What needs to be done:
Quote, with no changes, the lines that run from the top of the material to the line with "Внедорожник / Кроссовер", both included.
BEGIN Data records
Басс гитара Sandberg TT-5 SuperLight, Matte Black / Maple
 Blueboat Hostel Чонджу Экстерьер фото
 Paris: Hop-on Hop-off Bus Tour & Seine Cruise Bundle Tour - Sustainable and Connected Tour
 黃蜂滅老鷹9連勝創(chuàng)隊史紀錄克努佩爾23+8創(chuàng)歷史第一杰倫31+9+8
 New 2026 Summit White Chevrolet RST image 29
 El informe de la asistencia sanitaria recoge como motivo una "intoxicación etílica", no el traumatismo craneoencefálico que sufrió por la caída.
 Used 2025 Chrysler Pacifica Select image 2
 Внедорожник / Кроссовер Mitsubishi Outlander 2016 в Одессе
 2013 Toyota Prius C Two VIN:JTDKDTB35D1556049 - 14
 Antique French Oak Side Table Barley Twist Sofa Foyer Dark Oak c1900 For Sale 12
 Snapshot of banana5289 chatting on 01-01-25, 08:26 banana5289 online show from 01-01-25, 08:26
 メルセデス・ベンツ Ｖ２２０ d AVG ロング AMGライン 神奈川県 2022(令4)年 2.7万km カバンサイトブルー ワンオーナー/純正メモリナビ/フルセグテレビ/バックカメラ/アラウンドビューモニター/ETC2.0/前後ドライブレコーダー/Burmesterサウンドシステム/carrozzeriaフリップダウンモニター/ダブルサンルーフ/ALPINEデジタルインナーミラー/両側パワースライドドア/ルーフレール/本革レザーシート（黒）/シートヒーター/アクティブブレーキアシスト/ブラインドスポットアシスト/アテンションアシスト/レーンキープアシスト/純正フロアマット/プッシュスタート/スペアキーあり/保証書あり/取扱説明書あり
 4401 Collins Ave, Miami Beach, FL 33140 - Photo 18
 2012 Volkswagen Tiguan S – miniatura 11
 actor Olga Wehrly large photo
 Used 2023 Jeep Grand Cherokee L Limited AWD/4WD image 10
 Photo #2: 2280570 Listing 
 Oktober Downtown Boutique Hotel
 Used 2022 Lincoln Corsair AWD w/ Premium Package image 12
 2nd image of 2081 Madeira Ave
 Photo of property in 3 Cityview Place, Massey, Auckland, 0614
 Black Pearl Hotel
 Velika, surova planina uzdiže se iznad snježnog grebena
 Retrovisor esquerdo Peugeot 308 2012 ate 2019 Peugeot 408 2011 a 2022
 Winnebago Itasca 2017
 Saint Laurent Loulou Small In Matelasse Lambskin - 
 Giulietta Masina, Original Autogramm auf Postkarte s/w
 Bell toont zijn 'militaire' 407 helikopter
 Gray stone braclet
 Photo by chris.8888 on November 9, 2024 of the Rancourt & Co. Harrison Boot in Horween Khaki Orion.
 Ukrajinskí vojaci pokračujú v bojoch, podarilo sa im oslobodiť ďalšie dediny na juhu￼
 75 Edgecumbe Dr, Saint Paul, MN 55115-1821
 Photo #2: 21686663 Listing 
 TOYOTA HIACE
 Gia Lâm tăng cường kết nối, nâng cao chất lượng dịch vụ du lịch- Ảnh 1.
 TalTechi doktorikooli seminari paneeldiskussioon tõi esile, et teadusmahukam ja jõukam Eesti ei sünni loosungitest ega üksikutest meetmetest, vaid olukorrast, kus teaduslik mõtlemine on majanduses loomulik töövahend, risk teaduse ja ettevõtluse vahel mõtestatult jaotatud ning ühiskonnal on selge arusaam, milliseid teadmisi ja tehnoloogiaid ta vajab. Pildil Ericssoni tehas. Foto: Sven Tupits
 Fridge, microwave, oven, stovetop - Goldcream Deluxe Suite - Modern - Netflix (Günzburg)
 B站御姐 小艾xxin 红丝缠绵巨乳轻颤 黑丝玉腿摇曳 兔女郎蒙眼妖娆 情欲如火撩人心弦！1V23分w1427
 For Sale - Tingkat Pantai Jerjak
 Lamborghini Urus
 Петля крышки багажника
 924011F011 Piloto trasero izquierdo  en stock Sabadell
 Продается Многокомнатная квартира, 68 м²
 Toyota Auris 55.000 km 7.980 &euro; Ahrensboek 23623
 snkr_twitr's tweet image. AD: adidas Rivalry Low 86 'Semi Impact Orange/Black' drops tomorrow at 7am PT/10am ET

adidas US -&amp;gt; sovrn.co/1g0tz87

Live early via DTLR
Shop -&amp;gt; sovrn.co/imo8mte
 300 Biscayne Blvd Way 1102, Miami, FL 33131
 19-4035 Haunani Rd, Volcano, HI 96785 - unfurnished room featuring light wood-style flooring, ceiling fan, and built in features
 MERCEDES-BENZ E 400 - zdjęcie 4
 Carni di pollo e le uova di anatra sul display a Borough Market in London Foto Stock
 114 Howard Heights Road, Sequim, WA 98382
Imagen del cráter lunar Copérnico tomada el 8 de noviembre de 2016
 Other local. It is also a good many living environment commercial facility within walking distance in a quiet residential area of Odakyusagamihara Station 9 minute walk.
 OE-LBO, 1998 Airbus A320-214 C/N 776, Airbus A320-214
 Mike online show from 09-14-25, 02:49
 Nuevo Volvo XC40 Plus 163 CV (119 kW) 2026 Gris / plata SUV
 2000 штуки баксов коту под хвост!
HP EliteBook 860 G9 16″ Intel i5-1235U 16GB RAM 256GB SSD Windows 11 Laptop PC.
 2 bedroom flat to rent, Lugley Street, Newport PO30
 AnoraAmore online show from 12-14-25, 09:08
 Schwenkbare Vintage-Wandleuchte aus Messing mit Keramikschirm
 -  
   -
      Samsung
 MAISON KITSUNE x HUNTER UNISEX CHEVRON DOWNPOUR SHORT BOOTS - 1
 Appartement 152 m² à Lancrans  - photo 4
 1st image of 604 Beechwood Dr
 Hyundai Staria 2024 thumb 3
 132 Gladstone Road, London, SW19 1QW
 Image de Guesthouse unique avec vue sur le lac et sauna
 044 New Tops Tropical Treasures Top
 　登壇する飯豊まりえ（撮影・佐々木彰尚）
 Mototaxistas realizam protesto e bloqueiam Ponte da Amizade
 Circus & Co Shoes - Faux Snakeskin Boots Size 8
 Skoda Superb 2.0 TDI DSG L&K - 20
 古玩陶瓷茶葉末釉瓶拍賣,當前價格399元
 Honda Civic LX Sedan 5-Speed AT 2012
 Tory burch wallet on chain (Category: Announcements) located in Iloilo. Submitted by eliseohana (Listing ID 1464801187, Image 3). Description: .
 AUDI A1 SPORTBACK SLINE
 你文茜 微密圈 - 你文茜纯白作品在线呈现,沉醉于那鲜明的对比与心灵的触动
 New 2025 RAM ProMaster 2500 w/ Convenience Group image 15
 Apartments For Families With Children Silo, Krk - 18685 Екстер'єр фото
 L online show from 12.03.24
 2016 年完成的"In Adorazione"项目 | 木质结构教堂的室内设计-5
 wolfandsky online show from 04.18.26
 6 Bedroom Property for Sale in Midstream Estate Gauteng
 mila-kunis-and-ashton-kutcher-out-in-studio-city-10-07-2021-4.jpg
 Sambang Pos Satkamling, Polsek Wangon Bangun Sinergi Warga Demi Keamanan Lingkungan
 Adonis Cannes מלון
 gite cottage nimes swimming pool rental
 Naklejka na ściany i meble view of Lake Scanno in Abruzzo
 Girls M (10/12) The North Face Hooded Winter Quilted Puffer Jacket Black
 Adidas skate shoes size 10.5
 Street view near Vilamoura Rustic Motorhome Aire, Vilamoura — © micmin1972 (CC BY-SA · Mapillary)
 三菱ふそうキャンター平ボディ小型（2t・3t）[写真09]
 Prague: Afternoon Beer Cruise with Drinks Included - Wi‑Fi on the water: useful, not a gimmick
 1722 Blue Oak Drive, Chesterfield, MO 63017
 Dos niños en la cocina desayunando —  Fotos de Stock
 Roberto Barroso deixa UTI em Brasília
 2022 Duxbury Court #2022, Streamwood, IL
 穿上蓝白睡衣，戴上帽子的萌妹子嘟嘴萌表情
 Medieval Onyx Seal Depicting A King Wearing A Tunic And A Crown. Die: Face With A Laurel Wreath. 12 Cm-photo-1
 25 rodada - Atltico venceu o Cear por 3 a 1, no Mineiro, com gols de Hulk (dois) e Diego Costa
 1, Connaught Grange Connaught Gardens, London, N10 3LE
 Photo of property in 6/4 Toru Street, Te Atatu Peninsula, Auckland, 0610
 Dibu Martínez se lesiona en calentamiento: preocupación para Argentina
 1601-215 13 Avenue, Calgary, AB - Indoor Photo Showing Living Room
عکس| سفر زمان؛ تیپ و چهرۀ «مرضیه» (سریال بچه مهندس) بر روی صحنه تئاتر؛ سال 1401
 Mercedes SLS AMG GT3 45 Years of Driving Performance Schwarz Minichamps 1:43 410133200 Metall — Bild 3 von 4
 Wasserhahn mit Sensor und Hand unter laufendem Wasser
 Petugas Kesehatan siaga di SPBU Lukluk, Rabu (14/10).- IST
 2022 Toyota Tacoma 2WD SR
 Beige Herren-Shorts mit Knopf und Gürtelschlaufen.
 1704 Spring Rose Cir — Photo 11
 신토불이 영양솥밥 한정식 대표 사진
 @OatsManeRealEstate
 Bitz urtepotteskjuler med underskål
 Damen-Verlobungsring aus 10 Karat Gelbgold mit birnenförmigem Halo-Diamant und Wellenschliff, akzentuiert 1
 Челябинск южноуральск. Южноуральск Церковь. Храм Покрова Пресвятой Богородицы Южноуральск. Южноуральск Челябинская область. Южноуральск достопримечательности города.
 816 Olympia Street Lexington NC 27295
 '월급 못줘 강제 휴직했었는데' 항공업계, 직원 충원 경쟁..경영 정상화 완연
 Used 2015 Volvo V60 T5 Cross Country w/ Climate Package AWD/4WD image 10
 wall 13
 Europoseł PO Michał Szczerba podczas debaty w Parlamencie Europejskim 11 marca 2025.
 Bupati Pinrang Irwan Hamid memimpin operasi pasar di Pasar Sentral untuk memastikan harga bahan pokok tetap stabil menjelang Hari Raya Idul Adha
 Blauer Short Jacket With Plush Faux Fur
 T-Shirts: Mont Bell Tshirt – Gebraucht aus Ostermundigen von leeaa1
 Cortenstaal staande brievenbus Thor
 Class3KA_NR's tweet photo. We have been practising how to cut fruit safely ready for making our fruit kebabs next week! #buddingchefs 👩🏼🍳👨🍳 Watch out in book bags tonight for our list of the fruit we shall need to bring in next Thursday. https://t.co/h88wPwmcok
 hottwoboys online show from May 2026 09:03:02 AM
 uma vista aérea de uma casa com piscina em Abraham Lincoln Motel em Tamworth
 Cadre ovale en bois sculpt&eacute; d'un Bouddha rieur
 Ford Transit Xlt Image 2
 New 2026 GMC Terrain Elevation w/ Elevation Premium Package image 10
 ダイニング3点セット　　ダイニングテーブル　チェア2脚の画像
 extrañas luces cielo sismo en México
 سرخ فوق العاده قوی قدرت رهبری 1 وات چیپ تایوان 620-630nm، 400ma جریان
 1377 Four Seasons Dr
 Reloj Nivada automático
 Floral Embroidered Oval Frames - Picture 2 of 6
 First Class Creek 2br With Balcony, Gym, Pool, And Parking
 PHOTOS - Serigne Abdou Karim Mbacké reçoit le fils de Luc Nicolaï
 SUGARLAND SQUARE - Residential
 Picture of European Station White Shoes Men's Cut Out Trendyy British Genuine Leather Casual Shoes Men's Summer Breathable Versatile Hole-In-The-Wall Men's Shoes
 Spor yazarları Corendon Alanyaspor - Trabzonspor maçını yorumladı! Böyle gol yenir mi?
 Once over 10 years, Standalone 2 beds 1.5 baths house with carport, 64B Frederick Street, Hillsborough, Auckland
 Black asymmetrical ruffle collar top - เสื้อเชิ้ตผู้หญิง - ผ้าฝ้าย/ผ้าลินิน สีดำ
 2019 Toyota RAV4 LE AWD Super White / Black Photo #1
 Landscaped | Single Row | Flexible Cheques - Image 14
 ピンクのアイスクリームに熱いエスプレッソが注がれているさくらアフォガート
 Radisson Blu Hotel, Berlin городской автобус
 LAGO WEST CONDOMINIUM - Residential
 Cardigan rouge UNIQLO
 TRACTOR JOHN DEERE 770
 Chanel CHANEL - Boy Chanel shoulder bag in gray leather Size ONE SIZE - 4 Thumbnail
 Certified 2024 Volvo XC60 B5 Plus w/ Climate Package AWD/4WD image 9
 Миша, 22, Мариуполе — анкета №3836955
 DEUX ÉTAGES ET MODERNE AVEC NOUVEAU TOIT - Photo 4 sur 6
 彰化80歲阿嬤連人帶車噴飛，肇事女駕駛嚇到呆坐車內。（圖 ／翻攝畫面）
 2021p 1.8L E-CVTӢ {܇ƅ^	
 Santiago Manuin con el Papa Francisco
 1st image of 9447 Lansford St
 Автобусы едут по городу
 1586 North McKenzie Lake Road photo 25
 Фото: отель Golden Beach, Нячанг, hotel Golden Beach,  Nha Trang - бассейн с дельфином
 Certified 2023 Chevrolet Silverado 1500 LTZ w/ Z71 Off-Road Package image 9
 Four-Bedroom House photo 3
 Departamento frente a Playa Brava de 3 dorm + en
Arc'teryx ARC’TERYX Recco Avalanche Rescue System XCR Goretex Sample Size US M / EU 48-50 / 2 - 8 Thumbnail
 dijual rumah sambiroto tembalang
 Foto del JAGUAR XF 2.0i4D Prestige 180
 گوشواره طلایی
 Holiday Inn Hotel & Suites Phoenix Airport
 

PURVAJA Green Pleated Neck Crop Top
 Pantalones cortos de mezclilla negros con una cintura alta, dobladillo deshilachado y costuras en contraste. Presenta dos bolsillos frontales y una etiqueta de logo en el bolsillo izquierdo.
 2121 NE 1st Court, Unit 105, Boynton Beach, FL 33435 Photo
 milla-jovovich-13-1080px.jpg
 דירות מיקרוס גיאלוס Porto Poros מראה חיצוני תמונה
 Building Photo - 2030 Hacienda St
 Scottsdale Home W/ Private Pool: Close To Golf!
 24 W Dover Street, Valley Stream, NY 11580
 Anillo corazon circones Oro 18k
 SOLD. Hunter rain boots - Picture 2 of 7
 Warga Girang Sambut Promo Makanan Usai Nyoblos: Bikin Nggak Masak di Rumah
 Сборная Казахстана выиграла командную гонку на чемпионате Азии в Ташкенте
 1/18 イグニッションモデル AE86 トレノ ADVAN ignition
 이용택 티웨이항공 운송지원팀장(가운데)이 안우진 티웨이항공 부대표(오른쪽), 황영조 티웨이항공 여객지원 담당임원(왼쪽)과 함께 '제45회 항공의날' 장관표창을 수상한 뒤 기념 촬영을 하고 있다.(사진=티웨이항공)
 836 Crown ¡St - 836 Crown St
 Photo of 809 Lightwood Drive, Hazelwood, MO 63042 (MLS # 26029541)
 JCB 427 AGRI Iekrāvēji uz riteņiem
END Data records
Your solution:
Басс гитара Sandberg TT-5 SuperLight, Matte Black / Maple
 Blueboat Hostel Чонджу Экстерьер фото
 Paris: Hop-on Hop-off Bus Tour & Seine Cruise Bundle Tour - Sustainable and Connected Tour
 黃蜂滅老鷹9連勝創(chuàng)隊史紀錄克努佩爾23+8創(chuàng)歷史第一杰倫31+9+8
 New 2026 Summit White Chevrolet RST image 29
 El informe de la asistencia sanitaria recoge como motivo una "intoxicación etílica", no el traumatismo craneoencefálico que sufrió por la caída.
 Used 2025 Chrysler Pacifica Select image 2
 Внедорожник / Кроссовер Mitsubishi Outlander 2016 в Одессе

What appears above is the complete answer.